In their never-ending quest to drive shareholder value, CFOs have a bevy of favorite performance gauges to point them in the right direction. But do popular metrics such as return on equity (ROE) and return on net assets (RONA) truly focus CFOs on the correct strategies for boosting a company’s value?
Devon Value Advisers, a New York–based management consulting and transaction advisory firm, respectfully suggests that U.S. companies may be relying on the wrong financial measures. Indeed, the established guides to profitability and higher returns are not the ones that actually juice market values, according to a statistical study by the firm. Return on equity, for example, predicts share prices with an average statistical accuracy of just 50 percent, the firm found, and return on net assets, only 30 percent (see “Tuning In to Shareholder Returns” at the end of this article).
Instead, the consultancy believes companies should revert to an old standby — operating return on capital (ROC) — because it more precisely explains a company’s share price than any other metric. The Devon Value study, which used standard R-squared analysis, showed that ROC — operating profit generated divided by the capital required to produce it — predicted share price with an average statistical accuracy of 90 percent.
The link between ROC and shareholder value was evident in 53 nonfinancial industries over a 12-year period. Of the 53 industries, 27 substantially increased ROC — from 20 percent in 1995 to 38 percent in 2007, on average. That produced growth in total shareholder return (TSR), which includes share-price appreciation and dividends, of 12 percent per year.
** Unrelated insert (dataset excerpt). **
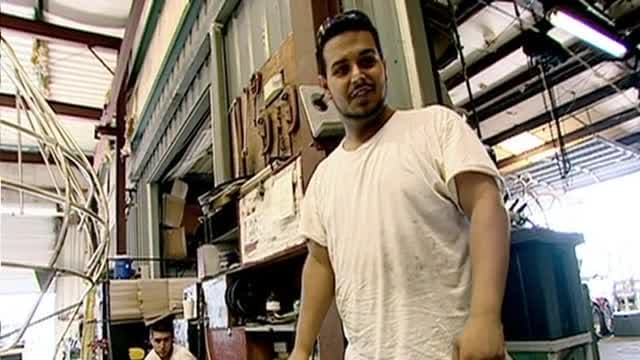 S04:E05 - Land Mines, Air Boats and More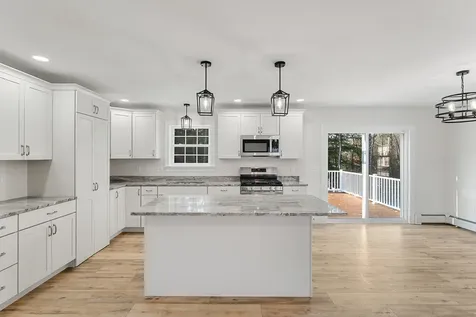 74 Willow Way Georgia VT 05468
The other 26 industries that saw modest or negative change in their ROC achieved, on average, just 7 percent TSR over that period.
“Return on capital is the simplest, closest measure of what a company earned, how much capital it needed to earn that amount, and the ratio between those two things,” says Walker Lewis, chairman of Devon Value.
What’s the Attraction?
The reason ROC more closely correlates with shareholder return, says Devon Value, is that it measures returns with operating earnings before interest and tax, net working capital, and net fixed assets. By contrast, ROE and RONA include a number of items (balance-sheet cash, goodwill and intangibles, and other assets such as long-term investments) that may not be part of the company’s investment in operating profits going forward. Operating ROC rewards efficient use of capital, such as better inventory and receivables management, rather than rewarding one-time, nonoperating boosts to cash earnings.
That may be the real value of ROC — not that it correlates with movements in share price (many experts, in fact, argue that it would have to incorporate prevailing market expectations to do so), but that it “focuses on controllable drivers of fundamental intrinsic value,” says Justin Pettit, a partner at Booz Allen Hamilton. “This measure simultaneously captures improved income-statement profitability and balance-sheet efficiency. For value purists, it is in relative harmony with the signals we will get from a more comprehensive net-present-value analysis.”
The least likable thing about ROC? With a ratio, “maximization may not equate to optimization,” Pettit says. He cites the example of a basketball team that pays its players based on their shooting percentages. “Each player would make one layup, and then, having maximized their ratio, decline further opportunities to shoot,” Pettit says. But “value is created in aggregate dollar terms, not percentage terms.” Therefore, return-based metrics such as ROC should be evaluated in tandem with a dollar metric to balance efficiency gains with valuable growth.
Pick Your Spots
The companies employing ROC have used it to understand, on a relative basis, which individual units contribute the most value. David Devonshire, former CFO of Ingersoll Rand and Motorola, calculated ROC to predict the share-price impact of portfolio-rebalancing programs at both companies. The ROC analysis at Ingersoll Rand “resulted in a disposition of a business that was dragging down the value of the enterprise. The stock went up 50 percent,” he adds. John Humphrey, CFO of Roper Industries, says growth in operating profitability has been a key to Roper’s strategy for “paying” the premium for the more than 20 companies it has acquired since 2003. “Improvement in profitability (both GAAP ROC and cash profitability) was a key element enabling our acquisitions to create substantial shareholder value,” Humphrey says.
The Devon Value metric keeps the focus on good versus bad revenue growth, whether organic or through M&A, explains Warren Knowlton, former CEO of Morgan Crucible and now CEO of Graham Packaging. “Growth is obviously critical in the long run, but companies with low operating return on capital need to earn the right to grow,” he says. “At Morgan, we increased our share price by 10 times over three years while reducing revenues by more than 30 percent. The revenue we retained was both profitable and growing.” Profitable and growing. A financial metric that steers CFOs toward that combination could be worth a look.
Vincent Ryan is a senior editor at CFO.